The MLOps Behind Recursion’s Foundation Model Phenom-1
Decoding MLOps: How Recursion Built Phenom-1 to Revolutionize Drug Discovery through Machine Learning and Automation Technologies
June 4, 2024Who Is Recursion
Recursion is a clinical stage TechBio company leading the space by decoding biology to industrialize drug discovery with tools like machine learning and automation technologies. At its core, Recursion uses a variety of machine learning approaches on in-house generated fit-for-purpose data to tackle the many challenges of drug discovery. Our paramount ML use case, phenomics, uses deep learning models to embed images of genetically or chemically perturbed cells into high-dimensional feature spaces and then compares those embeddings to one another to infer gene-gene, compound-compound, or gene-compound biological relationships, known as our maps of biology. Over the last decade, Recursion has been curating datasets using highly-scalable, automated laboratory workflows that enable execution of up to 2.2 million experiments per week for up to 50 weeks per year.

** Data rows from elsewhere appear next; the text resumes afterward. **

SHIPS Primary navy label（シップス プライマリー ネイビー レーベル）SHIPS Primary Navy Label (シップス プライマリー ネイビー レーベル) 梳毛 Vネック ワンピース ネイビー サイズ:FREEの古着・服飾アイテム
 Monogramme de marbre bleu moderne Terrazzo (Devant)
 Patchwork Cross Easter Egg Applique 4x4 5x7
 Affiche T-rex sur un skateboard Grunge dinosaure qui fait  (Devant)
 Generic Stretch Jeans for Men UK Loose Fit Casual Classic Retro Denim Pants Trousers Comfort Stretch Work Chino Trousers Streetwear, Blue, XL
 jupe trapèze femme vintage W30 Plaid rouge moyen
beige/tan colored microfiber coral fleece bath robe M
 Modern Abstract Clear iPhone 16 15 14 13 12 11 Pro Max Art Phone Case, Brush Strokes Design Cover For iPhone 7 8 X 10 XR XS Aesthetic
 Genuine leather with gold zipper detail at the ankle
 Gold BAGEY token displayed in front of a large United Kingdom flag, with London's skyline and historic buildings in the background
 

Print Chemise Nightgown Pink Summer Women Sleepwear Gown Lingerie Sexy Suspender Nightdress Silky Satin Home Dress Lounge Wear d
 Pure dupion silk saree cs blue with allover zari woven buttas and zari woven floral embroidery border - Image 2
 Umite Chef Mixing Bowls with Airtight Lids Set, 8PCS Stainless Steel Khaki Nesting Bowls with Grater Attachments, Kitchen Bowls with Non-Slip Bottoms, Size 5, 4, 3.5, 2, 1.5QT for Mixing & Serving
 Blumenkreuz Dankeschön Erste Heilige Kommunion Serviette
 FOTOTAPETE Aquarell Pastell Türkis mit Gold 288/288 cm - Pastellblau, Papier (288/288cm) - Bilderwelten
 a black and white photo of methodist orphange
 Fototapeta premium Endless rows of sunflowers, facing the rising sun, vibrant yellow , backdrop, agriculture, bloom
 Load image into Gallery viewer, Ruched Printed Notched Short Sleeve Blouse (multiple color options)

Building A Phenomics Foundation Model
Why Did We Need It?
Recursion decided to pursue the development of a foundation model because of its potential to unlock existing constraints around data and training. Previously, our best deep learning phenomics models, having a DenseNet architecture, required training separate weakly-supervised models for each cell type and imaging modality that we work with. Furthermore, these models could only be trained using images of cells genetically perturbed with siRNA technology and not with CRISPR technology, both of which have been extensively used at Recursion. While CRISPR is superior in its ability to do gene knockdown, it is also subject to a phenomenon known as proximity bias where CRISPR-Cas9-induced double-strand breaks sometimes result in chromosome arm truncations, confounding the resulting phenotypes from those of pure gene knockout and degrading the performance of the models when included in training. This along with other challenges, such as curating large quantities of high-quality labels, severely limited the scale at which we could train our phenomics models. Foundation models offered the promise of training a single model on all our data that could generalize well to different cell types and imaging modalities, as well as overcome the limitations of CRISPR-based genetic perturbations.
How Did We Do It?
Model Architecture
Early on, the model developers on the team experimented with a variety of model architectures, eventually landing on a Vision Transformer (ViT) backbone for self-supervised pre-training as a masked autoencoder (MAE). The overarching objective was to reconstruct randomly mask patches of an image using the remaining unmasked patches as input. In this way, the model was able to learn representations of cellular morphology. The team experimented with patch size and mask ratio to yield optimal performance.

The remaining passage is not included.